The Eisenberg Institute for Historical Studies has awarded eleven fellowships for 2023-24. Recipients will join faculty and graduate students from History and other departments for a series of lectures, workshops, and symposia. Learn more about the research plans of next year's cohort below.

These fellows join more than 200 others who have earned Eisenberg fellowships since the institute’s inception in 2006. The institute announces its annual fellowship program in December and issues the awards in spring. The faculty and graduate student award terms are July 1 to June 30; the postdoctoral award term is September 1 to August 31. These awards have been made possible by a generous contribution from Kenneth and Frances Aftel Eisenberg.

2023-24 Faculty Fellows

Henry M. Cowles
Associate Professor, Department of History, University of Michigan

During his fellowship, Professor Cowles will be writing a history of mental health in the United States. The project uses histories of the six evidence-based treatments for anxiety and depression used today to explore how psychiatric care has evolved over the last two centuries. 

Farina Mir
Associate Professor, Department of History, University of Michigan

As an Eisenberg fellow, Professor Mir will be working on her book manuscript, "Genres of Muslim Modernity: Being Muslim in Late-Colonial India, 1858-1947," which examines Urdu-language akhlaq—religious/literary texts on ethics—and how they reveal an important history of Islam and Muslims in South Asia.

2023-24 Residency Research Fellowship

Jennifer Liu
Associate Professor, Department of History, World Languages, and Cultures, Central Michigan University

During her fellowship at Eisenberg Institute, Professor Liu will write a few chapters of her book on women’s magazines in Taiwan.
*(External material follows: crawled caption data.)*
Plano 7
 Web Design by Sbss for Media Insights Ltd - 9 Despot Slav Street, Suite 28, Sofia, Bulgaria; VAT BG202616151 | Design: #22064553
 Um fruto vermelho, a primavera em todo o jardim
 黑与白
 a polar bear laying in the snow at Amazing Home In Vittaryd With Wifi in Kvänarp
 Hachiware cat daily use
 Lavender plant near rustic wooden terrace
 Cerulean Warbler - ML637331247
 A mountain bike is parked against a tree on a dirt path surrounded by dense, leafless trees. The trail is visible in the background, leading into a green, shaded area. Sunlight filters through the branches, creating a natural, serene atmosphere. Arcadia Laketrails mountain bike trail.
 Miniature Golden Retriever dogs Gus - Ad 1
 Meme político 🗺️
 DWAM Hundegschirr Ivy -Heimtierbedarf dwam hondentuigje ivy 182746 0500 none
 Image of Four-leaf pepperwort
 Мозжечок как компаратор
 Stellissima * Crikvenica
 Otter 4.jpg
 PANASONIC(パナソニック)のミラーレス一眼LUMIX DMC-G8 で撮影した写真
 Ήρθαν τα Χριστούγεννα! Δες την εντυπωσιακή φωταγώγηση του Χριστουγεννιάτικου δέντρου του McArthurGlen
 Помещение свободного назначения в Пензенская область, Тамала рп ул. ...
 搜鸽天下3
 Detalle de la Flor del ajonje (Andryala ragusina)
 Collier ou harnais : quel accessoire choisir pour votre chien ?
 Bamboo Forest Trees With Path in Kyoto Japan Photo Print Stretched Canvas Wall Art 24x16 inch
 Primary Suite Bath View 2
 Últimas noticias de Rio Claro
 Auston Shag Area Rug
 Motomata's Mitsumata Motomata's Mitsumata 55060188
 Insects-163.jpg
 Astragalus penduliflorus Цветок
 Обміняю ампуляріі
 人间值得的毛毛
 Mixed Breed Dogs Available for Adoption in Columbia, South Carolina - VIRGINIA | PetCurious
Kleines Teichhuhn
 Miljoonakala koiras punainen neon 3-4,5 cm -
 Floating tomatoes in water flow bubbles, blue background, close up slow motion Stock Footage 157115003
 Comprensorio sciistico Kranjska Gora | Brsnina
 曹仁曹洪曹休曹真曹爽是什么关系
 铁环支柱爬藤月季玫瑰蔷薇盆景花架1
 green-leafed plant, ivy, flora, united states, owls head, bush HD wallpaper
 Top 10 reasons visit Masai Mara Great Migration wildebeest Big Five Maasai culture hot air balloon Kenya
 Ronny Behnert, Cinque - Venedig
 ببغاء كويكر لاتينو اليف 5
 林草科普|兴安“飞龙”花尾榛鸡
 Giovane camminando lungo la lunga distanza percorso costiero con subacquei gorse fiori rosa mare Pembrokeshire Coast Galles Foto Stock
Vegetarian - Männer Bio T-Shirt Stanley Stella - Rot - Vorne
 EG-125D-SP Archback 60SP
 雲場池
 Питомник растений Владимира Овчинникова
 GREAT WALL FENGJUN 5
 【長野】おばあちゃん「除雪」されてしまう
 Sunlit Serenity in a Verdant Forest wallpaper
Her work examines how popular magazines communicated notions of beauty and fashion by mostly targeting urban, middle-class women, contributing to the argument that by the 1990s women’s magazines had developed these new representations of women much farther—and faster—than any other media in Taiwan.

2023-24 Postdoctoral Fellowship

Alexander McConnell
PhD Candidate, History, University of Michigan

As a postdoctoral fellow, Alexander McConnell will begin developing his doctoral dissertation into a book manuscript; complete revisions on an article draft for publication in Slavic Review; and draft a new article exploring different Soviet discourses and experiences of loneliness, a widespread but implicitly forbidden emotion under late socialism.

2023-24 Graduate Student Research Fellowships

Augusto Espinoza 
PhD Candidate, Department of History, University of Michigan

During his time at the Eisenberg Institute, Augusto will continue work on his dissertation. He also plans to focus on a series of judicial cases he has collected from the archives, analyzing the experiences of various churchmen who were brought to justice in the ecclesiastical courts of Lima and Mexico City accused of the crime of usury. This research will be the focus of a forthcoming article and incorporated into his dissertation. 

W. Forrest Holden
PhD Candidate, Department of History, University of Michigan

W. Forrest Holden plans to research themes of magic and irrationality in eighteenth-century Russian literature, including short stories, plays, poetry, and essays.

Brittany Joyce
PhD Candidate, Interdepartmental Program in Ancient History, University of Michigan

Brittany Joyce will continue work on her dissertation over the course of the fellowship. In particular, she will work on chapters about enslaved children and how they are brought into their communities through baptism and circumcision, and enslaved people dedicated to virginity and the contradictions in that status.

Pragya Kaul
PhD Candidate, Department of History, University of Michigan

As an Eisenberg Institute fellow, Pragya Kaul will continue drafting her dissertation on Jewish refugees from Hitler’s Europe in the British Empire. The chapters will foreground discussions among European colonial governments, native rulers, and refugee agencies on the activities of Jewish refugees in British India during the Second World War. 

Sangita Saha
PhD Candidate, Department of History, University of Michigan

During the fellowship period, Sangita Saha will continue her dissertation work and draft the last chapter on Bengali women’s consumption of clothes and shoes in the colonial period by using the vernacular archive she built around her project. She will also substantially polish the earlier chapters of the dissertation.